Be afraid: they know who you are and what you’re doing
It is easy for criminals to find out your credit card details in just a few clicks
In a data set recording more than one million users’ credit card transactions for three months, researchers were able to identify 91 per cent of people’s identities. Photograph: REUTERS/Kacper Pempel/Files
In case you weren’t paranoid enough, this one will help: research conducted at the Massachusetts Institute of Technology (MIT) has shown that just four indistinct pieces of information can provide enough data to identify most people’s identity and credit card details.
In a data set recording more than one million users’ credit card transactions for three months, the researchers were able to identify 91 per cent of people’s identities and credit card information based either on details of what and where someone made four credit card purchases or one receipt, one Instagram photo of you eating a meal somewhere with friends and one tweet about an item you just bought.
With this information, they could extract your identity and credit card records 94 per cent of the time.
So how did they do it? Any purchases made with the same credit card were ‘tagged’ with a randomly generated identification number. This was how they identified each customer in the overall data set.
The researchers then picked out purchases at random and determined how many other customers’ purchase histories shared identical data points.
Even without any price information, just two data points was still enough to recognise more than 40 per cent of the people in the data set. On the other end, five points with price information was enough to identify pretty much everyone.
“The question we started with was: if a data set is anonymous, is it possible to re-identify individuals within it?” says Yves-Alexandre de Montjoye, an MIT graduate student and co-author of the research.
“What do I need to know about a specific person to be able to identify them? Well, if we know they bought four items in four different shops at four different times, that is enough to identify them from a huge data set.
“What we showed to be possible is really the extent to which you can take a data set that seemed to be anonymous, and identify individuals from very limited information. We didn’t need names or phone numbers or addresses.”
Previous studies had made similar findings based on mobile phone data. The MIT research team wanted to see if the findings could be replicated with other kinds of metadata, such as credit card details or transportation data.
“In other words, is this specific to mobility or mobile phone data?” says de Montjoye. “Or is all metadata at risk? Well the answer is: ‘Yes it is’.”
“Our online activity can be linked together because there are common sets of data across various media, from cashless transactions to social media and image capture,” says Brian Bohan of security consultancy firm BH Consulting.
“You may have your mobile phone info connected to your credit card details, and then you may be tweeting from your phone, which has location services turned on by default.
“In some cases a picture that you tweet or update onto Facebook tells where you updated from.”

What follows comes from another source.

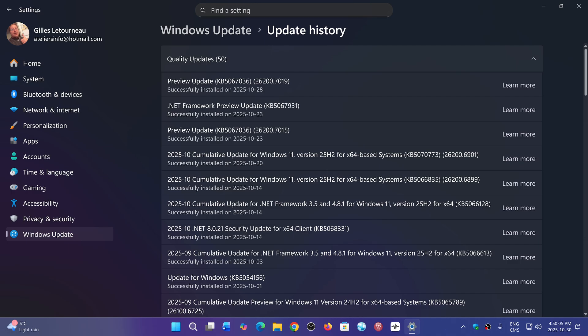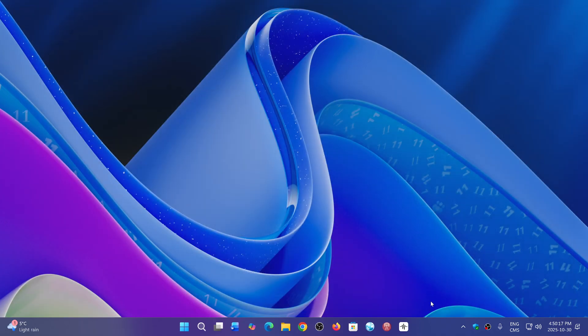But for the rest, very simple. Preview update. That's it. One update for Windows. Security update. That's it. Nothing more. I think this is a welcome change.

Countless examples of online data privacy infringement have been reported for over a decade now. Perhaps the most notorious was in 2012, when US supermarket Target unintentionally revealed a teenager’s secret pregnancy to her parents by sending her maternity coupons (based on analysis of her retail habits at the store).
“There will always be examples like this,” says Prof Alan Smeaton, director of the Insight Centre for Data Analytics.
“What the Target example and this credit card example and countless others show is that by cross-checking and correlating data from different sources, we can stitch facts together in ways that were not foreseen and thus find out things by the piecing together of the disparate sets of facts, like the teenager being pregnant, for example.”
We might immediately conclude that only online criminals and the like would actually partake in such nasty digital behaviour.
“The truth is this is the basis for a growing amount of online business,” says Bohan. “ Our digital footprint cannot be underestimated and it grows ever dirtier by the minute.
“Why do you think Facebook wanted to buy WhatsApp so much? For the phone numbers. It was a key piece of info they were lacking about their users which they can now link to many different systems.”
Is this type of intrusive online behaviour easy to carry out?
“Well ‘easy’ is relative,” says Bohan. “My brother is great with car engines and could change an oil filter in five minutes. I wouldn’t know where to start. So a certain amount of specialist knowledge is still required.”
There are, of course, some data protection laws in place.
“They’re not enforced to their full extent though,” says Bohan. “Plus you may be leaving your digital footprint in multiple jurisdictions. If you’re an Irish user surfing a website in China, which laws apply?”
So, even with years of highlighted online privacy infringements and plenty of legislation allegedly protecting us, the same rules apply. It is up to individuals to keep themselves safe online.
“If you leave your wallet on O’Connell St and someone picks it up, it’s the criminal’s fault for taking it. You shouldn’t have left it on the street though,” says Bohan.
“Likewise, if someone abuses your online info they’re the criminal, but there is a lot you can do to protect yourself. The more educated you are and aware of the threats, the more secure you can be, either from criminals or corporations trying to sell your info.”
“It’s called SafeAnswers,” he says. “This approach doesn’t try to anonymise and then share data. The data stays where it is and instead it allows third-parties to ask specific questions from the data and obtain specific answers: ‘How much time did it take you to get from home to work this morning?’, for example.
“It will only share the answer and not any information about the location or stops made along the way.”